Exclusive: Wealth CEO exits over 'inappropriate language'

The chief executive officer of wealth boutique Henderson Rowe is leaving the company following a number of complaints regarding ‘inappropriate language’, Wealth Manager understands.

Charles Aram, CEO and co-founder, had returned to Henderson Rowe last year to sell the business to Asian fund management firm Rayliant after previously quitting the firm in 2015.

Rayliant chairman Jason Hsu has confirmed that Aram (pictured) is to exit the business, which has around $650 million (£499 million) AUM. Aram has been accused of using racist and sexist terms in the office. 

It is understood that the company is forming an executive committee, which will be headed by Rayliant managing director and chief operating officer Mike Bowers, on an interim basis.

Hsu told Wealth Manager: ‘We were alerted to the inappropriate language.

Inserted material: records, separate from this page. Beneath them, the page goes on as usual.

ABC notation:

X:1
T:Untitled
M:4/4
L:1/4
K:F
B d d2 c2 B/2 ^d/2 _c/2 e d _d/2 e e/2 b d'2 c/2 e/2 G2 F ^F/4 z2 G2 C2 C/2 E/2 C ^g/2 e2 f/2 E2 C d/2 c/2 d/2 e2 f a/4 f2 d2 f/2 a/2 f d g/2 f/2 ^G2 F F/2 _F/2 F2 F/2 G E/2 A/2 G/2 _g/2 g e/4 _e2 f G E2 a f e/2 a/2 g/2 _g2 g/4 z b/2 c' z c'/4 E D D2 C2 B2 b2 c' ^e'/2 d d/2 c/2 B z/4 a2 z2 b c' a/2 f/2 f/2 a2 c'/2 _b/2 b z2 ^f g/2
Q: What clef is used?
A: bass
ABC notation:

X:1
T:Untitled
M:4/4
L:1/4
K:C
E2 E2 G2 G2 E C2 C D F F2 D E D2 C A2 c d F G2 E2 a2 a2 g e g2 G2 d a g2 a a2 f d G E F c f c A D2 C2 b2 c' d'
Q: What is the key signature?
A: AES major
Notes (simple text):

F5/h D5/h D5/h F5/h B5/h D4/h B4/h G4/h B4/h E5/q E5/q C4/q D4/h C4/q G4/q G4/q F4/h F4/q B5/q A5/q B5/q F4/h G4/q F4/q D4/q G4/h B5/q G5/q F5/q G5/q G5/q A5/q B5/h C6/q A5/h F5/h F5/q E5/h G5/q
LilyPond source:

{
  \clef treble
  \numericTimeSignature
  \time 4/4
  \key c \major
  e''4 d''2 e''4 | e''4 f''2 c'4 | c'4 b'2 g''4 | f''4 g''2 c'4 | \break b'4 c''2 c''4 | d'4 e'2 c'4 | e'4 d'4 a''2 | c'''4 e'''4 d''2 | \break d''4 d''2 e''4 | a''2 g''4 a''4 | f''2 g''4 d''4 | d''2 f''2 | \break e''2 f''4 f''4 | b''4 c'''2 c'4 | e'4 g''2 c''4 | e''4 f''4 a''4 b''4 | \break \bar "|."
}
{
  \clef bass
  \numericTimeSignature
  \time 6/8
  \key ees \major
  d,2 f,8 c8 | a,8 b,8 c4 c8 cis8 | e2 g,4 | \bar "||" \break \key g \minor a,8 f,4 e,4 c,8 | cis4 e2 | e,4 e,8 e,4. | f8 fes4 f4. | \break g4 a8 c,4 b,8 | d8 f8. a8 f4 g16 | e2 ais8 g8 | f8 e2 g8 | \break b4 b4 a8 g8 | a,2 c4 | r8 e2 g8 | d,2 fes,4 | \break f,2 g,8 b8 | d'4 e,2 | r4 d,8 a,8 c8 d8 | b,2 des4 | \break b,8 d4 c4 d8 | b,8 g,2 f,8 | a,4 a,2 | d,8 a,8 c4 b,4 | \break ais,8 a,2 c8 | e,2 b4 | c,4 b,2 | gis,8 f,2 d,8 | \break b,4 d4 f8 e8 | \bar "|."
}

When we saw a formal complaint, we went in and looked at it immediately. We spoke to people who were involved and we concluded three things: One is there is quite a bit of distracting bantering that goes on, that’s one thing we want to address.

‘There are definitely awkward jokes that are in poor taste. We spoke to people about it, some think it’s just bantering, but we were very clear some things are bantering and some things are just in poor taste.’

He added that the final conclusion they reached was that there was clear-cut inappropriate language, which the management team confronted Aram about.

‘To his credit, he said “Jason I am really embarrassed, I don’t know why I said something like that”. It was an enormous lapse in his judgement. He acknowledged that given that he’s made such a large mistake publicly, he doesn’t feel like he is the kind of person to take the firm forward, to align Henderson Rowe’s culture with Rayliant.’

A number of sources have said that a knife was left on the desk of an employee who complained about Aram. Although Rayliant investigated the incident, the evidence proved inconclusive, with no suggestion that Aram had left a knife on the desk.  

When contacted for comment, Aram said: 'There have been complaints at Henderson Rowe regarding inappropriate conduct and an unfriendly workplace. We have made huge progress in improving the investment processes and introducing a new culture and the work has been intensive.

'Both Rayliant and I have been deeply troubled by the allegations. Rayliant and I have agreed that a new leader could better support the firm’s desired culture and as such, we believe that the best path forward is for me to step down as CEO of Henderson Rowe. I remain a believer in the firm's bright future and will do my very best to ensure a successful transition.'

Churning allegations

Wealth Manager has also learned that there was an internal investigation into allegations that the firm was churning client portfolios to increase revenue prior to its acquisition.

In fact, this investigation, Hsu said, delayed the acquisition by a few months as the Rayliant team waited until it was concluded.

It was alleged that portfolio managers at Henderson Rowe were being told by management to make unnecessary trades to increase the commission they were paid by clients.

Hsu confirmed an independent auditor was brought in to investigate unexplained activity, but said they did not find any evidence of systematic churning.

Hsu added: ‘Even though we received a clean bill of health from the auditor, Henderson Rowe decided that there were some accounts, even though it is not churning, which from a dispersion perspective had seen more trading than the average account. So they proactively went ahead and spoke to clients to explain the situation, to ensure that there is no potential liability. We were happy to see them step up and be willing to do that.’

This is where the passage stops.